DIRECTIONS → Repeat the following entries verbatim, apart from the pictures.

AVAILABLE RECORDS →
*** Begin section ***
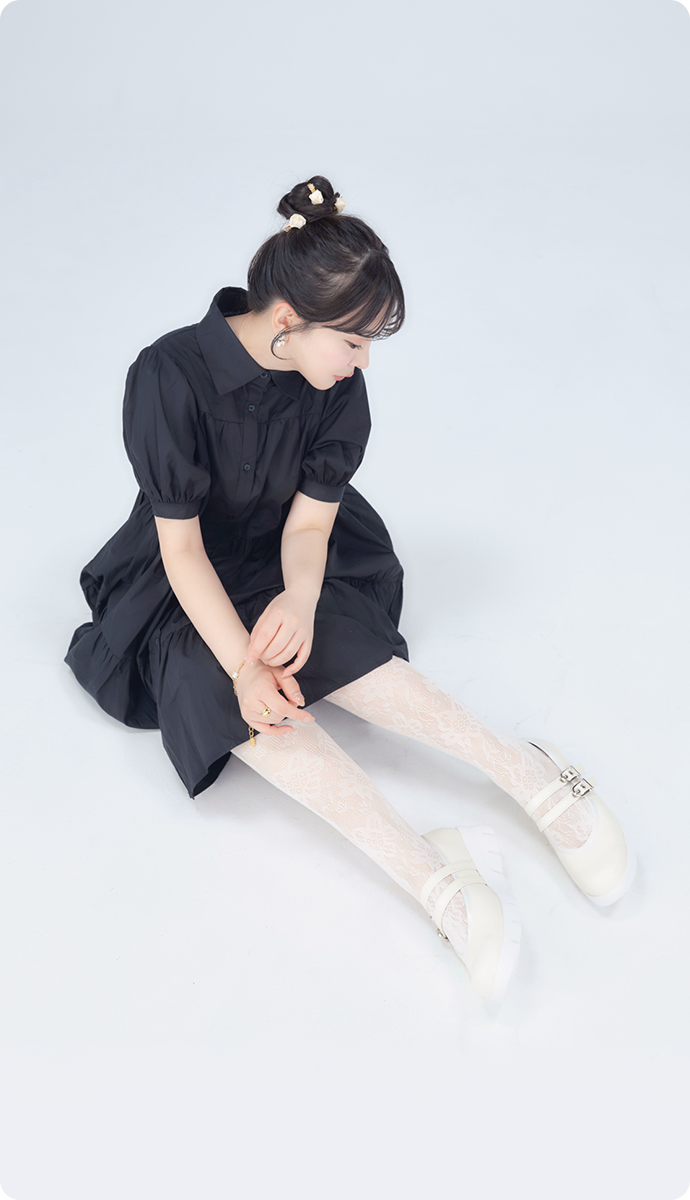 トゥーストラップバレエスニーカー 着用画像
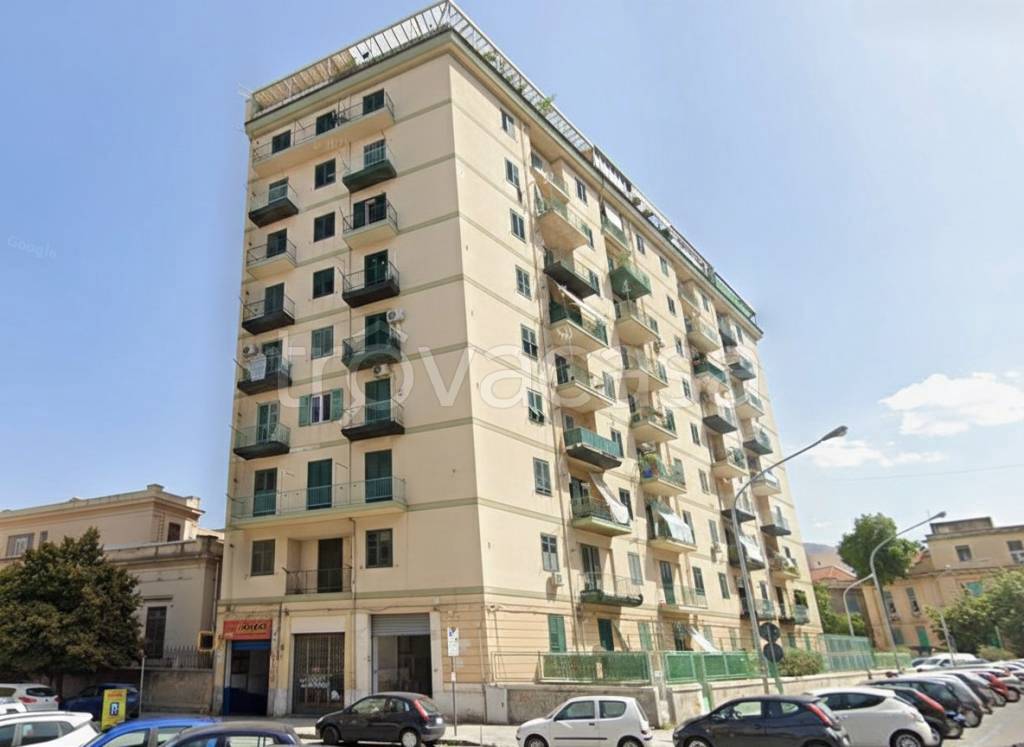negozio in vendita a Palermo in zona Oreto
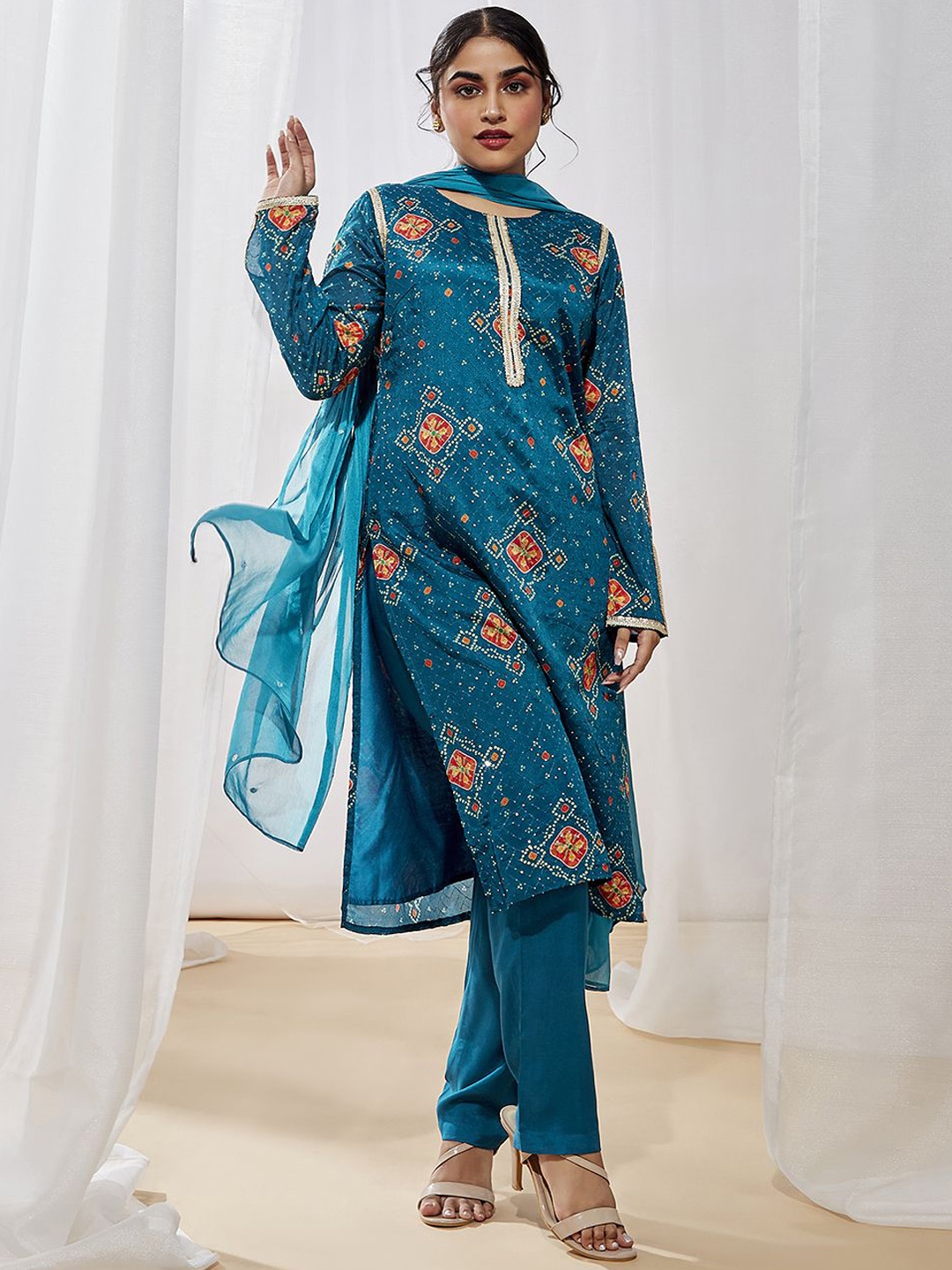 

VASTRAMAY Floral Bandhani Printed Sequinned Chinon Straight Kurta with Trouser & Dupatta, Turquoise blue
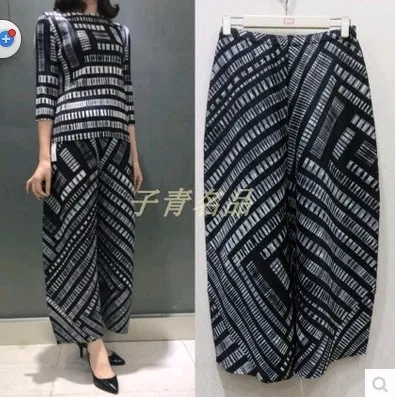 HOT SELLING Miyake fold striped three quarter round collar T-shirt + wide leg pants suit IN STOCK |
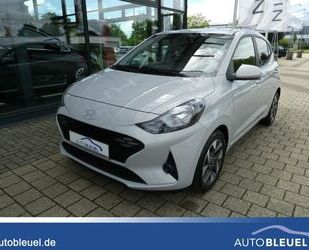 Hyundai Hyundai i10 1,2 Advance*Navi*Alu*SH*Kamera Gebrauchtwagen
*** End section ***
TASK ANSWER →
 トゥーストラップバレエスニーカー 着用画像
negozio in vendita a Palermo in zona Oreto

VASTRAMAY Floral Bandhani Printed Sequinned Chinon Straight Kurta with Trouser & Dupatta, Turquoise blue
 HOT SELLING Miyake fold striped three quarter round collar T-shirt + wide leg pants suit IN STOCK |
 Hyundai Hyundai i10 1,2 Advance*Navi*Alu*SH*Kamera Gebrauchtwagen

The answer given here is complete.